- **Work task**
From the first line to the last, print the material exactly, skipping the pictures.

- **Dataset extract**

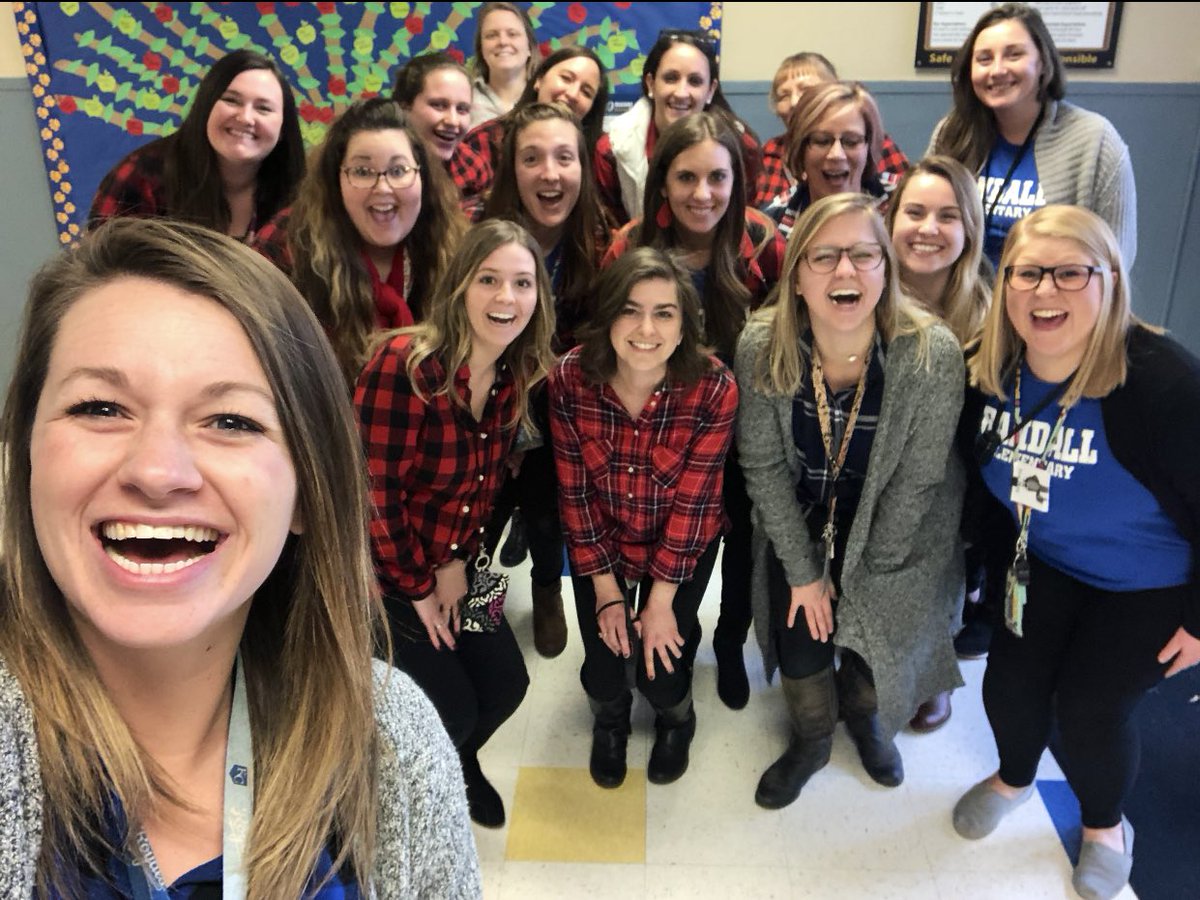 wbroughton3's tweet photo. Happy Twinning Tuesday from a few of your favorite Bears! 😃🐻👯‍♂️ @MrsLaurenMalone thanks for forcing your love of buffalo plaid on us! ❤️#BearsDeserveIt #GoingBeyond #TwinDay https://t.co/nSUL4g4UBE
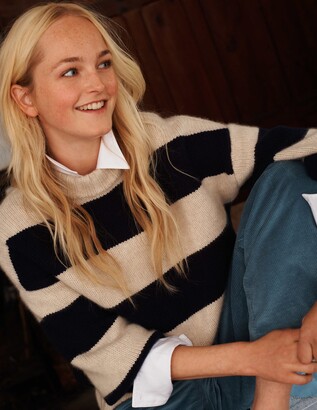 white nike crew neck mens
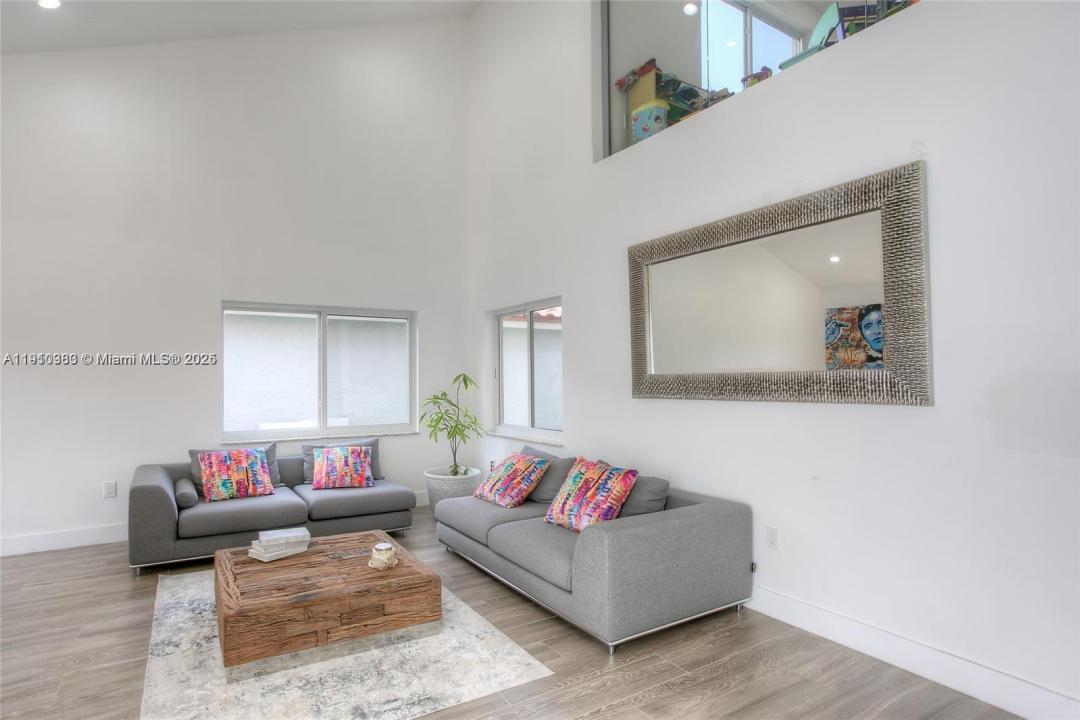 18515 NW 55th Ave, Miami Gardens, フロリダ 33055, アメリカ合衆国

- **Exercise answer**
 wbroughton3's tweet photo. Happy Twinning Tuesday from a few of your favorite Bears! 😃🐻👯‍♂️ @MrsLaurenMalone thanks for forcing your love of buffalo plaid on us! ❤️#BearsDeserveIt #GoingBeyond #TwinDay https://t.co/nSUL4g4UBE
 white nike crew neck mens
 18515 NW 55th Ave, Miami Gardens, フロリダ 33055, アメリカ合衆国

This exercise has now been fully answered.